I fatti sono esplosi nell'ottobre 2020, ma era da tempo che questa pratica andava avanti senza il consenso delle donne che avevano interrotto la gravidanza. Alcune donne avevano saputo che al cimitero erano presenti delle lapidi con il proprio nome, sotto le quali erano stati sepolti i feti, abortiti con interruzione terapeutica. Molte di loro non erano a conoscenza di queste lapidi, ma non solo: all'ospedale non gli era stato nemmeno chiesto se volevano procedere con la sepoltura o meno. Alcune, avevano rifiutato.

Al cimitero Flaminio erano però presenti tantissime lapidi riportanti nome e cognome delle donne che avevano avuto un aborto terapeutico. Una violazione della privacy gravissima, sistematica non solo a Roma, ma in tutta Italia, che ha portato poi l'Assemblea capitolina a modificare il Regolamento di Polizia Cimiteriale del 30 ottobre 1979 in materia di inumazioni di feti, nati morti e prodotti abortivi.

A denunciare quanto stava accadendo nei cimiteri romani è stata Marta, una ragazza che ha avuto un'interruzione terapeutica di gravidanza.
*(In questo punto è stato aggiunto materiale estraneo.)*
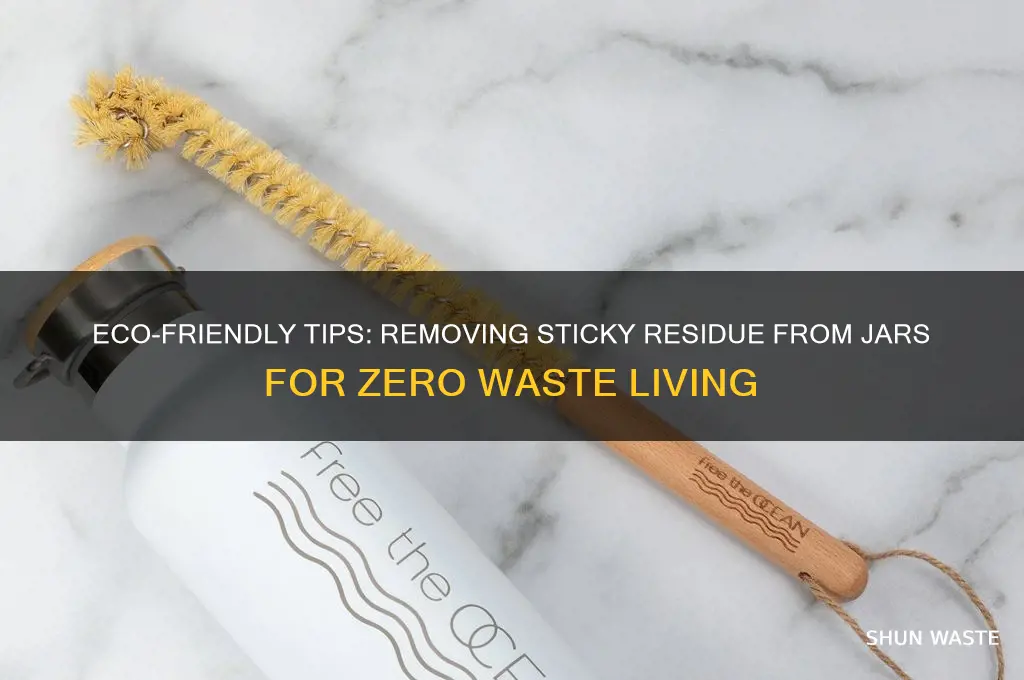 how to remove sticky residue from jars zero wast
Si tratta di quegli aborti che avvengono dopo le tredici settimane in caso di malformazioni del feto, confermate da villocentesi o amniocentesi, esami che possono essere eseguiti solo a un'epoca gestazionale più avanzata.

"Nel momento in cui firmai tutti i fogli relativi alla mia interruzione terapeutica di gravidanza, mi chiesero se volessi procedere con esequie e sepoltura – la denuncia di Marta all'epoca – Io risposi che non volevo procedere, per motivi miei, personali che non ero e non sono tenuta a precisare a nessuno".

"Questa vicenda è assurda, provo rabbia e angoscia nell'aver visto che, senza il mio consenso, altri abbiano seppellito mio figlio con una croce, simbolo cristiano, che non mi appartiene e con scritto il mio nome". Nonostante la denuncia, in Italia vi sono ancora regioni in cui gli embrioni e i feti abortiti vengono seppelliti senza il consenso della donna.